How did I manage childcare over the summer holidays

As we hurtle into September and find our new back to school routines, I wanted to reflect on the challenge of childcare during the summer months and what worked well this time around. I know lots of mums and dads out there come up with all sorts of creative solutions so hopefully it may be useful to some to share what worked for me.

Firstly, I’ve reframed my initial belief that I work part time, to the more accurate fact that I work full time, just non-standard hours. Even as a coach, highly conscious of the impact of language, I seem to have missed that! My husband and I have very deliberately worked towards creating a life whereby we both work flexibly and both have substantial amounts of time with our children. I think it’s important to recognize that and to not use the awful expression “I only work part-time”.

With that in mind, as we approached our second summer of having school aged kids, 8 weeks stretched before us and the on-going question of childcare. I haven’t yet reached the point where I can’t wait for the kids to be back in school. I love a varied routine so summer time simply gives us new options. The grind of the school run (back to school traffic anyone?) is not that appealing and I like the way kids really develop over the summer break as they experience new things.

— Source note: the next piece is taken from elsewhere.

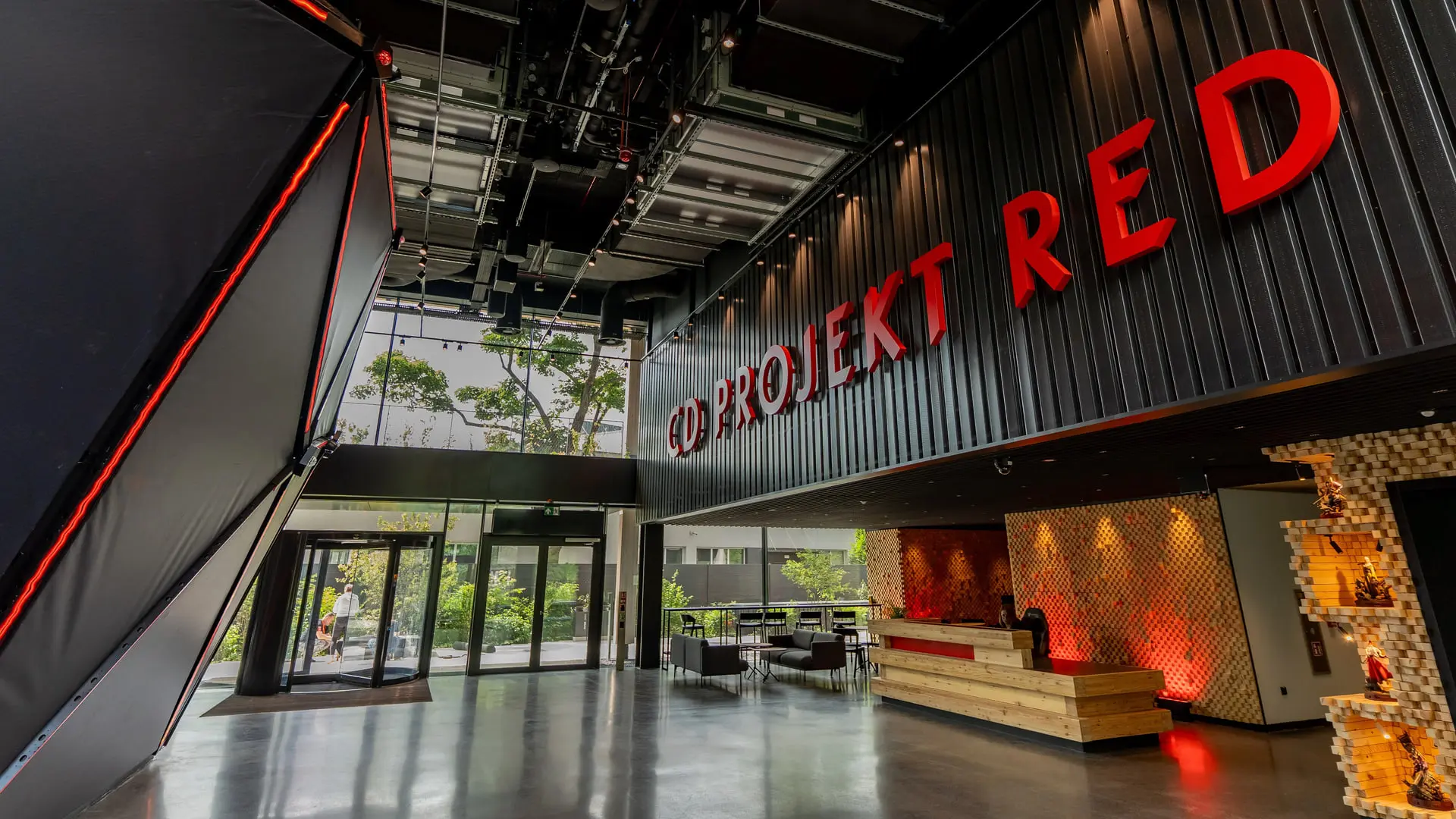 نمای داخلی و ورودی استودیو بازی‌سازی سی‌دی پراجکت رد (CD Projekt RED)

Despite all that, it’s still challenging to be self-employed and to find the right balance during the summer months.  They say it takes a village to raise a child, and I believe it takes a village to raise a career only that village extends in the summer holidays! We tried different types of camps this summer with more opening up to us as the youngest is now 4. It was interesting to watch my daughters handle being put in different environments, sometimes having pals with them but often going in solo. I won’t lie, my stomach clenched every time thinking they wouldn’t have anyone to play with, but they are brilliant kids and not only did they navigate it all, they did it with little to no drama.  They have grown hugely in confidence over the summer and it’s a joy to watch.

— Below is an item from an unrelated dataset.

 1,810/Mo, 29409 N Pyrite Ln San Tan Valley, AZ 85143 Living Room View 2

Granny & Grandad played a blinder in helping us out. The girls got to go to Wexford a few times where it’s a simple diet of buckets, spades and ice-cream.  I worked hard on not being the sugar-police but it’s definitely a challenge and one of those times where as a parent you just have to accept the compromise!

My sister is on maternity leave with her second baby and so we tag-teamed a bit.  She’d mind mine and I’d mind hers to allow each other to work or simply to get some things done that are easier without smallies in tow.  There is something very special about a cousin. Almost as close as a sibling and yet the small irritations a sibling can dole out don’t seem to apply as much to cousins. There was a lot of ‘mammying’ the ‘baby’ by little ones still babies themselves but seeing themselves as so much older.  I think the summer break allows for these relationships to flourish and bed down the foundation of what will be lifelong friendship. Not to mention how easy it is to have your sister mind your children knowing she will treat them as her own. Worry-free childcare is priceless.

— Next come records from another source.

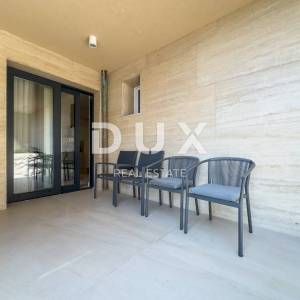 OPATIJA, LOVRAN - ekskluzivan stan s panoramskim pogledom i bazenom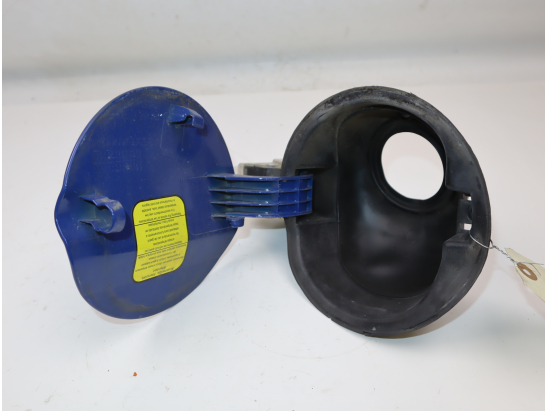 VOLET DE TRAPPE CARBURANT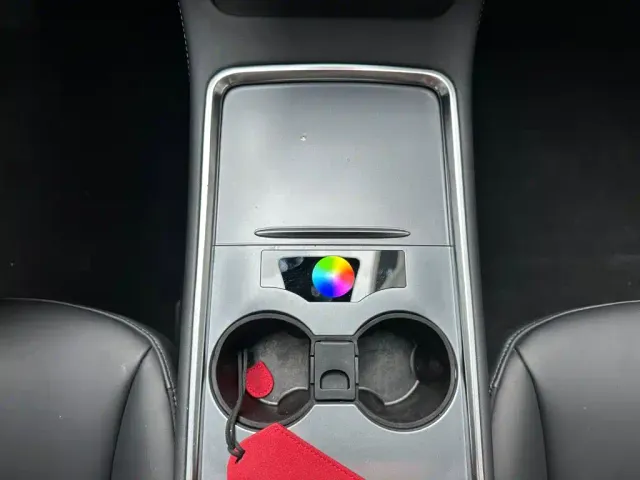 Tesla Model Y — Фото автомобиля 16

The Barter System aka bribery! My girls are 7 and 4 so still young but old enough to understand how to cut a deal. I worked out a while ago that begging them to be quiet if I needed 20 minutes of silence while on a client call simply doesn’t work.  But they do respond to being set challenges. I’ll tell them that a certain amount of tasks need to be done quietly over the next 30 minutes (use of oven timer is my top tip!) and then there will be a reward. The 7 year old thrives on this approach, diligently writing down both her and her sister’s tasks and taking great satisfaction in ticking them off. Happy & Quiet kids = Productive Client Call!

Our lovely teenage neighbours also stepped in to babysit while I either worked in the house or popped out to meet a client. I do a lot of online coaching from home and so this childcare option is ideal for that.  I remember looking up to older girls when I was a child and it has been fun to watch my daughters gaze in awe at their bright nail varnish and pierced ears wanting to be them when they grow up. Teenagers are brilliant with kids. Not so old as to be boring and still young enough to be good at playing. 

And finally, being authentic with my clients is a big part of how I find my balance.  It’s not so long ago people were terrified to mention their kids at work in case they’d be seen as ‘just a mom’ but these days I have no problem saying ‘I’ll drop my kids off at camp and meet you after” and there is huge comfort in being transparent. I’d love to see more parents feeling they could express their needs more honestly and not feel judged for being in some way less.